Fix PR85726 (div-div suboptimization) and a rant on match.pd :s-flag

Message ID 201805092341.w49Nfr4o030638@ignucius.se.axis.com
State New
Headers show
Series
  • Fix PR85726 (div-div suboptimization) and a rant on match.pd :s-flag
Related show

Commit Message

Hans-Peter Nilsson May 9, 2018, 11:41 p.m.
Replacing a division feeding a division helps only when the
second division is the only user, and "fusing" the divisions is
downright bad if another user of the result of first division is
a modulus of the same value as the second division, forming a
divmod pair.  See the test-case, where for the tested
architectures (which all fail the test-case before the patch)
the div and mod are implemented using the high-part of a widened
multiplication and shift, emitted separately but combined as
late as in rtl, with the multiplicaton and shift re-used.  That
of course does not happen if later passes see (y / 48; y % 3).
While in match.pd, I noticed the corresponding mul-mul match,
which I believe should be guarded the same way.

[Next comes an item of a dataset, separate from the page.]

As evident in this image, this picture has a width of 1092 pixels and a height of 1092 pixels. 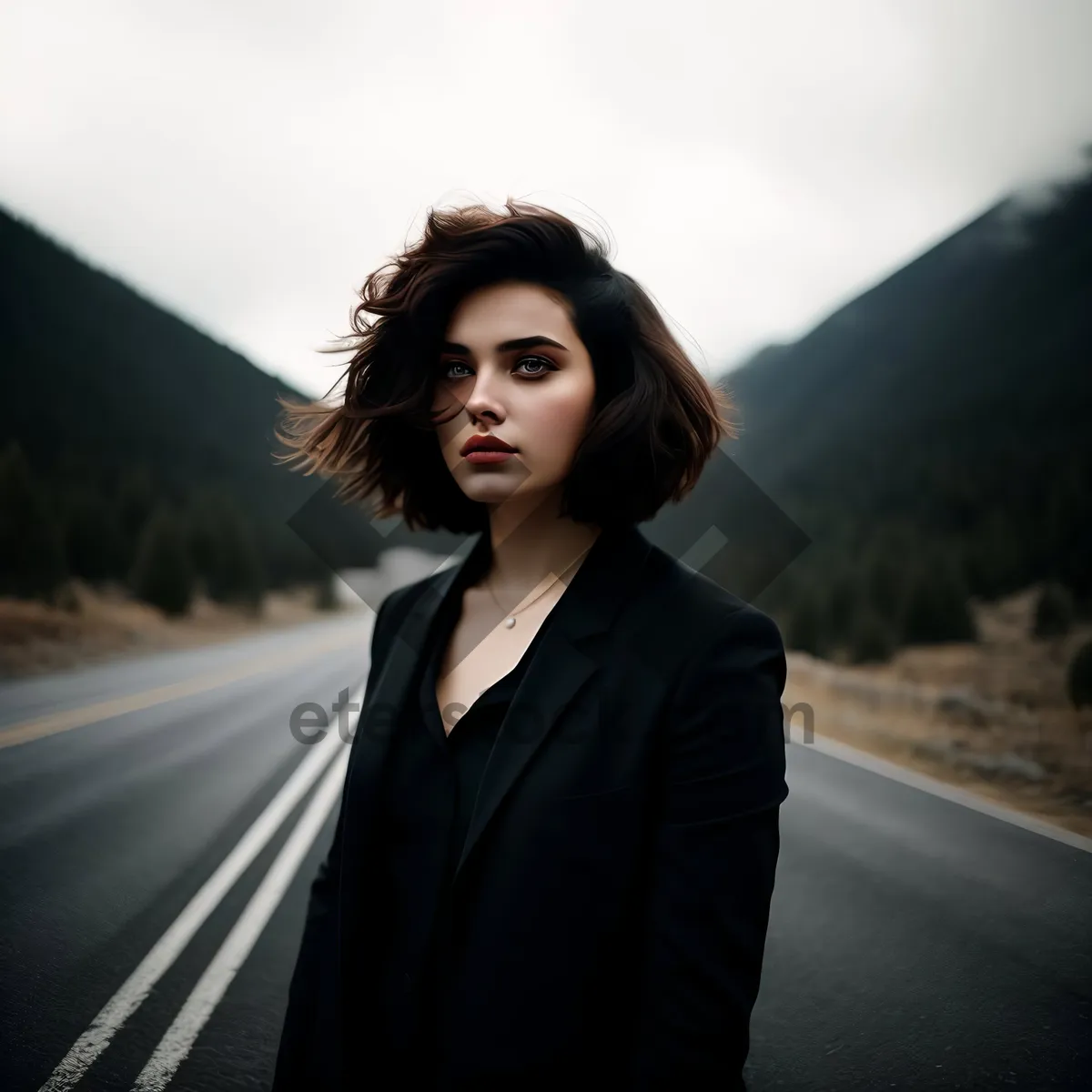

I noticed this spot investigating performance regressions for
mipsisa32r2el-linux-gnu comparing to gcc-4.7-era code generated
for a compute-intensive library.  I'd say the pattern in the
test-case is common in cases like implementing a 3x3 filter
using SIMD with a vector size 16.  The suboptimization was more
of an (the first, or second) eye-catcher in a hot degraded
function than an actual cause though; fixing it seems to amount
for no more than 2% (where there's a 13% regression) in that
function.  As a contrast, I see e.g. four times as many local
call-saved registers used for some loop-intensive functions, but
I can't dive into the larger problem, at least not right now.
(And no, it's not LRA, AFAICT.)

Tested using the gcc-8.1.0 release on aarch64-unknown-linux-gnu,
powerpc64-unknown-linux-gnu, x86_64-pc-linux-gnu and partly a
cross to mipsisa32r2el-linux-gnu.

The patch is generated using "-w" because otherwise
re-indentation for the single_use-wrapping makes the diff
practically unreadable.  The test-case uses rtl-scanning so the
result can be verified closer to the actual code but still not
restricting it to assembly code.  Scanning just after the (last)
match.pd pass would still be far from the divmod-combining
effects done in rtl.  Unfortunately, the pattern for the
truncated multiplication is observable in various numbers
depending on both the target and the bug, so to avoid littering
I restrict it to my target of interest at the moment.  At least
the presence and absence of the "1/48"-constant is stable across
the line with/without the bug with no false positives.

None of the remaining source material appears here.